Saturday, April 11, 2015

The Photography of Sadness

This morning I look at the picture of Julia Pirotte (1907-2000), her self-portrait taken in 1942. It moves me. I return often to her sad reflectiveness, the camera there as her eye, an eye that both protects her from and opens her to the world. She is already vulnerable, quietly internal, and, simultaneously, so entirely immersed in and made of and by the world. This is during the war. She has seen so much, maybe too much, more than a human should see. Should we be forced to look? Charlotte Delbo’s words haunt me: look, just try to see. It’s impossible. Truly impossible to look. Yet, Julia trains her camera. She trains it on herself. She cannot look directly into the mirror. The camera is her eye. It becomes her way of seeing, meditated through technology, imprinted like a tattoo, the image, the moment of life on her eye. She chose photography, or it chose her.

She wrote in an essay, “I like sadness: it’s more photogenic than joy.” She knows sadness more than joy; it’s strangely familiar to her. She lost her brother to typhus in a Gulag camp, her sister was guillotined by Gestapo in Breslau (1944), her father and stepmother were murdered in death camps, and her first husband, mobilized in the war, she never again saw. Her mother had died when Julia was nine. She came from small town in Poland, between Lublin and Warsaw, called Końskowola

In post-war Poland she formed the WAF, the Military Photographic Agency. She was sent by the agency to document the Kielce pogrom in July 1946. Many of her photos of that event the police confiscated and destroyed. There are some remaining and I have a collection of those photos in Julia Pirotte: Faces and Hands, as well as in Jan Gross’s book, Fear, where I first discovered Pirotte’s work and felt compelled by this Polish-Jewish woman’s war photos. 

She called the camera a potential weapon—as she learned when used in the wrong circumstances and others, also in the midst of war, felt threatened and exposed by the camera’s eye. After that, she turned it into an “instrument of struggle.” In 1934 she had left Poland for Brussels. She was a Communist, involved in worker issues, photographing strikes, working for small news agencies, an active member of the Resistance in Brussels and France. Three decades after the war when she visited her former Polish village, she saw her house but did not knock. She recognized the climate that had developed through and after the war towards Jews, their families mostly dead, their properties confiscated and moved into by Polish families. She had remembered the violence to her camera. What was once was no longer. Julia lived with that loss, cloaked in grief.

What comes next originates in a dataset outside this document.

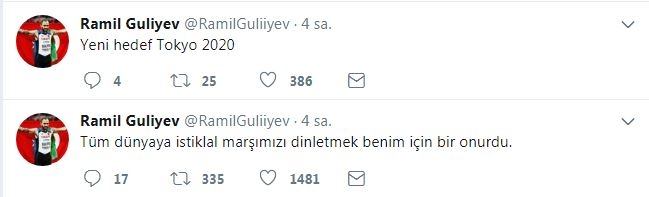 Ramil Guliyev'den gönülleri fetheden paylaşım 6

Many museum artifacts of Second World War and Jewish history in Poland come from those people who donated items and collections. So much was destroyed in Poland in the wars and through communism, disappeared, taken. What remains, the collections of historical documents, maps, photos at historical institutes, the camps, the various small museums in former synagogues, has been assembled and opened to the public painstakingly and after much work of collection, personal donation, and time passed where history comes to meet the present and when some will come to see and partake of its remnants. Poland is now beginning to claim and create a history disallowed, silenced under the regimes it endured through communism. The work of historical institutes is often retrospective in character. Whereas the work of museums such as the Warsaw Uprising Museum, opened in 2004, is technologically interactive and experiential in character. For Pirotte, there was a box: press clippings, photos, folk songs in Yiddish, poems by Jewish poets in Polish translations (all of them about the Holocaust)—“carefully selected and something about you you’d rather not disclose. . . .Besides her photographs, this folder with poems is the most personal testimony [she] left behind," as poet Krystyna Dabrowska writes in Julia Pirotte: Faces and Hands.

Why are you interested in Pirotte?, Maciek, our guide through Poland, asks me at the Jewish Historical Institute in Warsaw where I purchase a book of some her photos. I hear myself saying, “She is a woman and a photographer. I feel compelled by her work.” Still, I’m unsure how I’m drawn to her during my time in Poland, just that I am, and that she has stories to tell through her work and hidden behind her photos and I want to know. I’m hungry, I’ve always been hungry and my diet in childhood of these things, these histories was lean. I’m seeking now, looking, listening, attentive and attuned. I’m quiet in the hallways of museums. I want introspection, space, and solitude. I find myself alone again and again, as often as possible, in Poland. The late afternoons stretch toward evenings. In small spaces I enter into other times and places that exist here, now, that return quietly, in pieces, never whole, with attention and stillness. These moments, lives, histories, tracings are all around us. We must look for them and stay with them for a while, let them linger, penetrate and change us, when and where they find us.